If you are considering doing a photo book yourself, read on. (If not, I won't be offended if you skip on outta here!) Here are a few things I learned.

1. I did quite a bit of research before choosing my printer. Shutterfly had great reviews all around. I was looking for full custom options, but if you want templates to help you, they have a lot of options.

A few other options I considered:

a) Blurb: I've heard they produce good quality books, but you have to pay extra to remove their logo (does it appear on every page? I wasn't sure on that. My Shutterfly book has their logo on the last page). Also, they don't have phone customer support so you have to depend on e-mail to communicate with them.

b) iPhoto: As a Mac user this would be an obvious option, but their formats and templates were to restricting for what I wanted to do with this particular book.

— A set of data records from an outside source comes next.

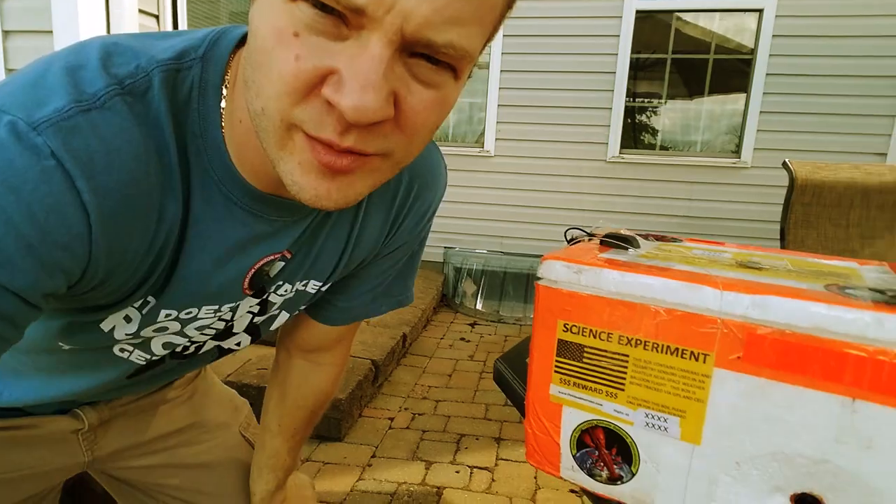Hey guys, Tori here from Overlook Horizon. I got an email the other day from somebody that said, can you send me a picture of what's actually inside the box? And I was thinking, I don't know if I've ever actually shared what's inside the box to anybody. So I figured today we'd take a quick look, and then you guys can actually see what's on the outside and the inside of our weather balloon payload boxes.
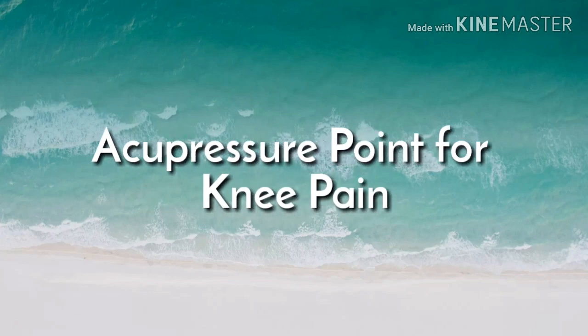Hi friends, welcome to my channel. Today we are going to see the acupressure point for knee problems. The point is located on the middle finger and ring finger. The correct point is located on the middle line of the middle finger.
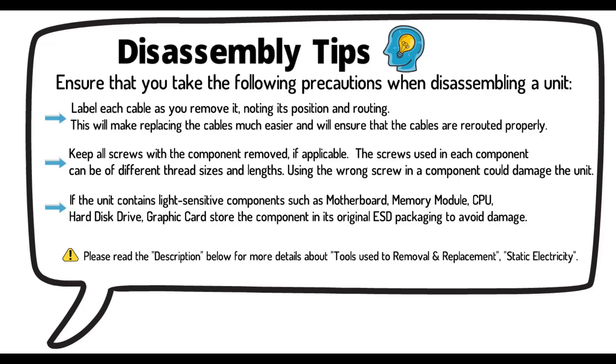Keep all screws with the component removed, if applicable. The screws used in each component can be of different thread sizes and lengths. Using the wrong screw in a component could damage the unit.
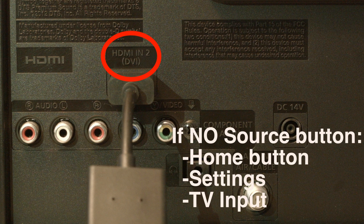If you have no source button on your remote, press the home button, go to settings, and select TV input.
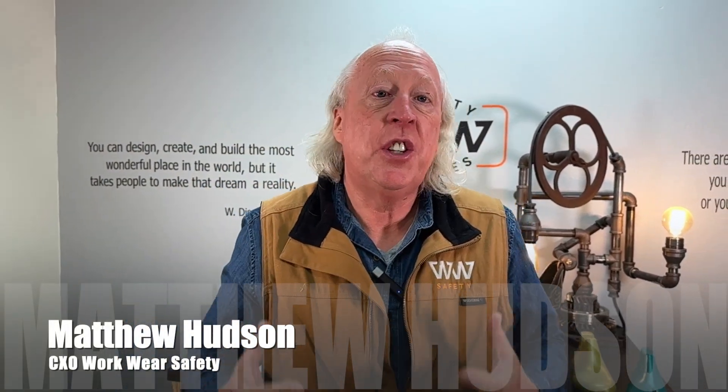Hello there Workwire Nation, Matthew Hudson, CXO at Workwire Safety with another fit tip on puncture resistance.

I hear their quality is great.

c) Shared Ink: They have excellent options if you want higher quality, but it comes with a price.

d) My Publisher, Smilebooks, and a few others were ruled out because their software works only on a PC and I'm a Mac girl, all the way. I'm like allergic to Windows or something.

2. The method I used on this book (scanning real scrapbook pages) took quite a bit of time to prep because I had to add bleed on all the edges so it wouldn't cut off the content on the pages. I also typed all the journaling so it would be easier to read. Uploading it to Shutterfly, however, was a snap. If I build layouts from scratch in Photoshop, I can build them to exactly the size I need. Shutterfly has Photoshop templates you can download.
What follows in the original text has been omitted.